After several years of strong expansion, the U.S. economy is cooling down, restrained by a pullback in the housing sector and slowing demand for autos. After growing robustly in the first quarter of this year, U.S. growth slowed to 2.9 per cent in the second, and the advance estimate is that growth was just 1.6 per cent in the third quarter. The Bank of Canada now projects that U.S. economic growth will average 2 to 2 1/2 per cent in the last half of this year and the first half of 2007. Activity should then recover to above 3 per cent in the second half of next year and throughout 2008.
Slower U.S. growth has clearly caused Canadian GDP growth to fall short of expectations in the second and third quarters. After expanding at a 3.6 per cent annual rate in the first three months of this year, GDP growth slowed to only 2 per cent in the second quarter, and we expect a similar figure for the third quarter.

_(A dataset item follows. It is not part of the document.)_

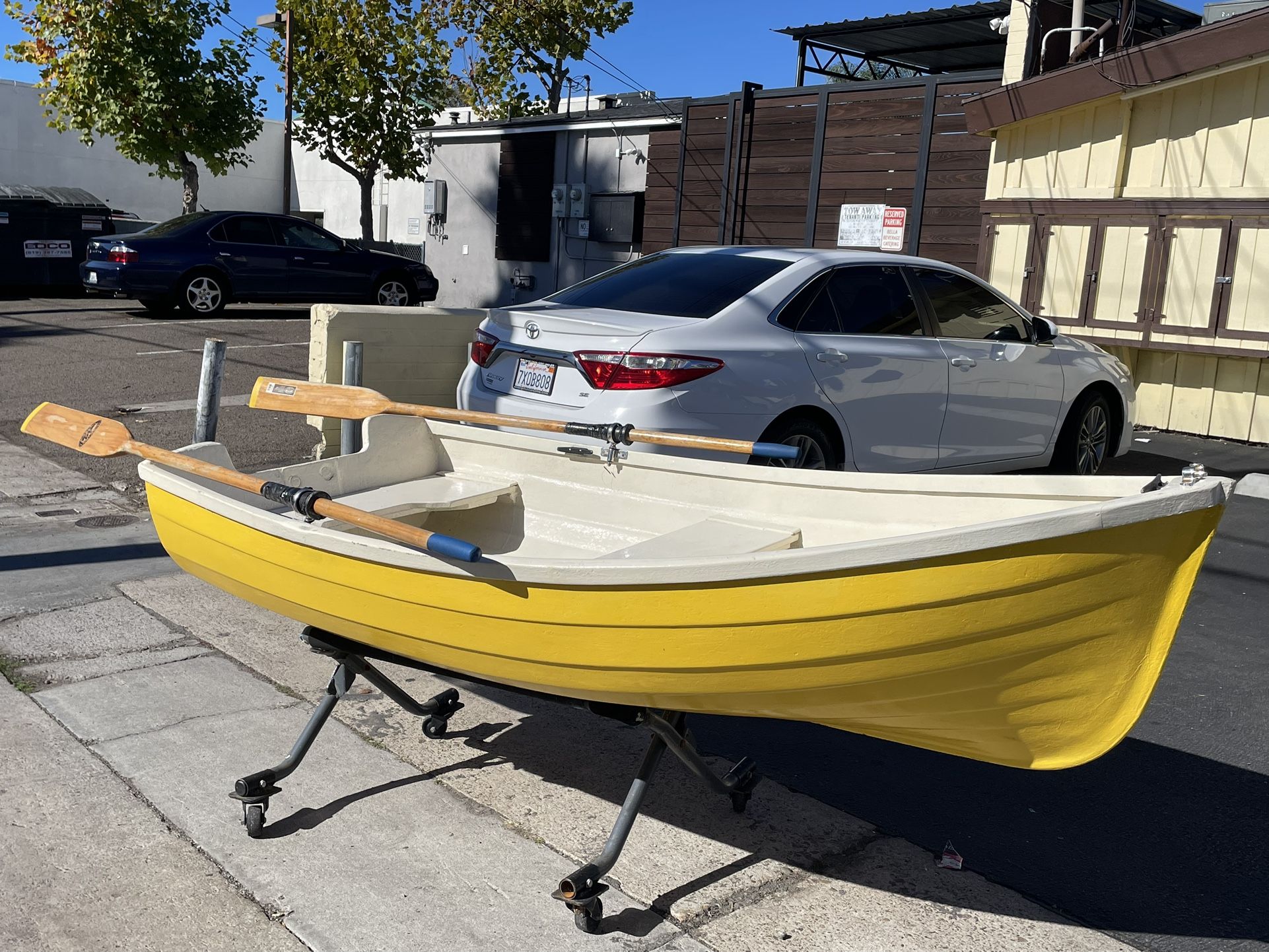 8’ Fiberglass Dinghy Skiff Clean With Oars for Sale in San Diego, CA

But it's important to think of this as a mild, and likely very short-lived, cyclical slowdown for Canada. With near-term weakness in the U.S. economy, net exports will likely exert a considerable drag on Canadian growth. However, consumer spending and business investment are expected to remain robust. Overall, we at the Bank of Canada project 2.8 per cent growth for real GDP in 2006, slowing to 2.5 per cent next year but coming back up to 2.8 per cent in 2008.
Core inflation is expected to move a bit above 2 per cent in the coming months but return to the 2 per cent target by the middle of 2007 and remain there through 2008. Total inflation will likely average about 1 1/2 per cent through the second quarter of 2007, before returning to the 2 per cent target and remaining there through to the end of 2008.
The main upside risk to the Canadian economy continues to relate to the momentum in household spending and housing prices. This momentum is linked to strong consumer credit growth. By increasing home equity and thus expanding the availability of collateral, the recent strong increases in house prices have contributed to robust growth in consumer credit. There is a risk that these linkages could be stronger than assumed or that house prices could continue to grow more rapidly than expected, resulting in higher-than-projected household spending and, hence, greater upward pressures on inflation.
The main downside risk to the Canadian economy relates to the possibility of a sharper slowdown in the housing sector in the United States and a broadening of the weakness in the housing sector to consumption and investment. A larger decline in domestic demand in the United States would lead to decreased demand for Canadian exports and broader weakness in the Canadian economy. This development would also lead to lower inflation.
The slower growth in the U.S. economy is a sharp reminder of just how important a role its powerful appetite plays in absorbing the exports of many countries and just how critical that strong U.S. demand has been to global economic growth.
Of course, the United States has been far from alone in absorbing goods and resources from around the world to feed its economic expansion. The extent of the strong worldwide demand, particularly the demand for commodities coming from the emerging powers of China and India, has fuelled Canadian and Australian growth and also has reminded us of just how closely intertwined countries have become.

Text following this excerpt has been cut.